BEYROUTH: Une frappe israélienne a fait huit morts dans la ville libanaise de Saïda, a annoncé mercredi le ministère libanais de la Santé, alors que Washington et ses alliés se sont mis d'accord pour un cessez-le-feu avec l'Iran.

"La frappe de l'ennemi israélien sur Saïda, dans le sud du Liban, a fait, selon un bilan provisoire, huit morts parmi la population civile et 22 blessés", a indiqué le ministère dans un communiqué.

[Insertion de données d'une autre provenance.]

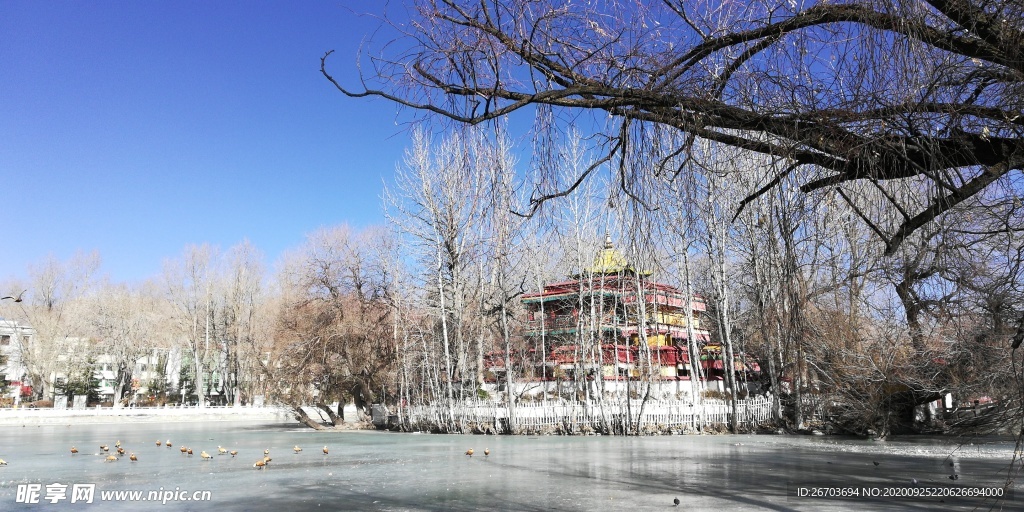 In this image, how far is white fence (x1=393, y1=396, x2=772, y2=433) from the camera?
16828mm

Un photographe de l'AFP présent sur les lieux de l'attaque, qui a touché le front de mer de cette ville côtière, a vu des flammes s'élever d'un café aux vitres brisées qui jonchaient la chaussée.

Les pompiers s'efforçaient d'éteindre l'incendie tandis que l'armée bouclait le secteur. Des voitures stationnées à proximité ont également été endommagées.

"Nous avons été informés d'une frappe sur la route du front de mer à Saïda. Nous avons envoyé deux équipes, mais celles-ci ont demandé des renforts en raison du nombre élevé de victimes", a indiqué à l'AFP Louay Sabeh, secouriste au sein d'une association locale.

Les équipes de secours ont transporté au moins six blessés depuis les lieux de l'attaque, a-t-il précisé.

Cette frappe est survenue peu avant que le Premier ministre pakistanais Shehbaz Sharif affirme que les Etats-Unis, l'Iran et leurs alliés avaient accepté un cessez-le-feu de deux semaines "partout", y compris au Liban.

Le Pakistan a joué le rôle de médiateur entre les Etats-Unis et l'Iran dans le but de mettre fin à plus de cinq semaines de guerre au Moyen-Orient.